This is a holiday season not only for Christians and Jews, but also for college football fans. As happens every year, this past Sunday marked the drawing of the teams to play in the Bowl Championship Series, or BCS--essentially the NCAA's method of determining which college has the best football team in the country. On Wednesday night, however, a House subcommittee voted on legislation to prohibit the BCS from calling any game a "national championship" unless it was decided by a playoff system. This would be the end of the BCS, which decides on the top two teams in the country by rank, record and a complicated system of votes instead of an elimination tournament. Given the amount of money that bowl games bring to schools who get a berth, the issue has high stakes for those involved. But the big question everyone's asking is: why the heck is Congress involved?

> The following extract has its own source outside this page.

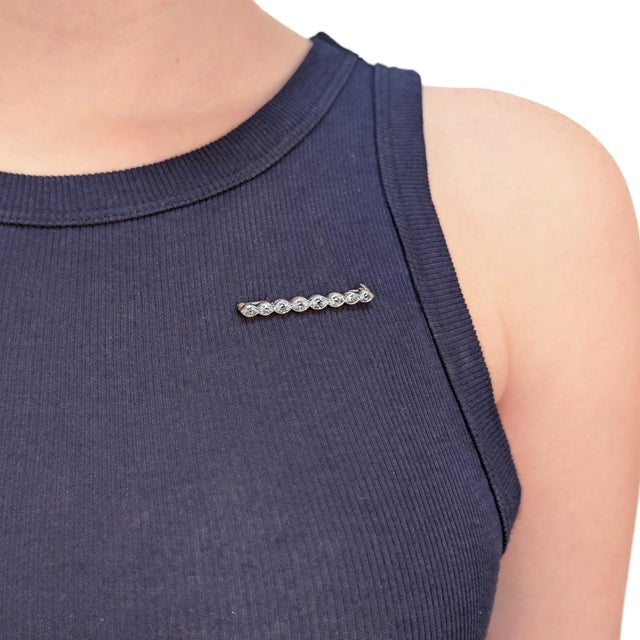 A fine antique Edwardian line brooch or bar pin. In platinum. Comprised of 8 bezel-set old marquise cut diamonds (1.64±...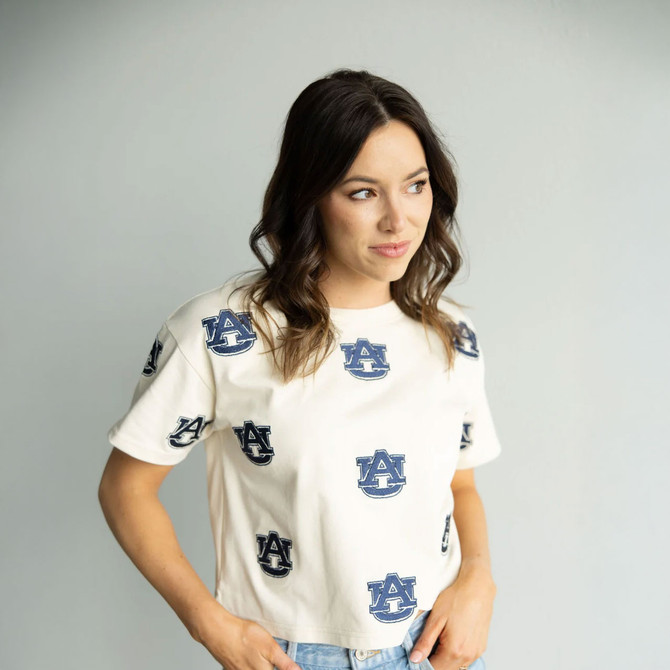 Gameday Social Apparel Gameday Social Women's Auburn Ritter Repeat Heavyweight Tee, a woman wearing a white heavyweight t-shirt with navy blue Auburn logo print.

  • Running Down the Clock, says the Bob Franken at the Huffington Post. "If they can find enough meaningless work to do, maybe the session will expire before they have to risk antagonizing their voters with their decisions on the volatile issues they face...like the aforementioned health care and the wars and the economy."
  • Home Field Advantage? The Atlantic's own Derek Thompson points out one reason why the bill is in Congress: its sponsor. He says, "It's fitting that the bill's sponsor, Joe Barton, hails from Texas. The University of Texas, Austin, was bumped from the title game last year by Oklahoma, despite having the same record and a win over OU."
  • Could Be an Upset, says Yahoo's Matt Hinton. Remarking that the current system is bad, Hinton says a congressional overhaul could do some good. "The bill has a long road to hoe -- BCS-hating Sen. Orrin Hatch would have to rally his colleagues around a bill that doesn't yet exist to get it through the upper chamber -- but if it reaches Obama's desk, the president has vowed to sign the thing and put the BCS out of its misery. I don't need to know the specifics of the sausage-making it will take to get there to know that would smell pretty great, with or without a bracket in its place."
  • Equal Playing Time, says the Washington Post's Michael Wilbon. "An amendment would also ensure that in a playoff system, all schools -- regardless of conference affiliation -- would have an equal shot at participating. What's worse than the House taking time to consider forcing a college football playoff is the necessity to do so in the first place."
  • Money Play, says Ray Ratto from CBS Sports. While opining that the bill will never pass, namely because "Congress ranks right above meth dealers for trustworthiness," Ratto says it could spark a much needed debate about the monetary benefit of BCS teams. "There has never truly been an honest debate about the BCS...The bowl system is an extraordinarily tangled knot of exchanged cash, and if debate about the bill will force the BCS people to untangle that knot so we can all see how the system actually works, we can get a handle on why it is so stridently defended by those who constructed it. We can find out where the assumptions of the pro-playoff people work or don't, and we can come to the "Aha!" moment when it all comes clear to everyone."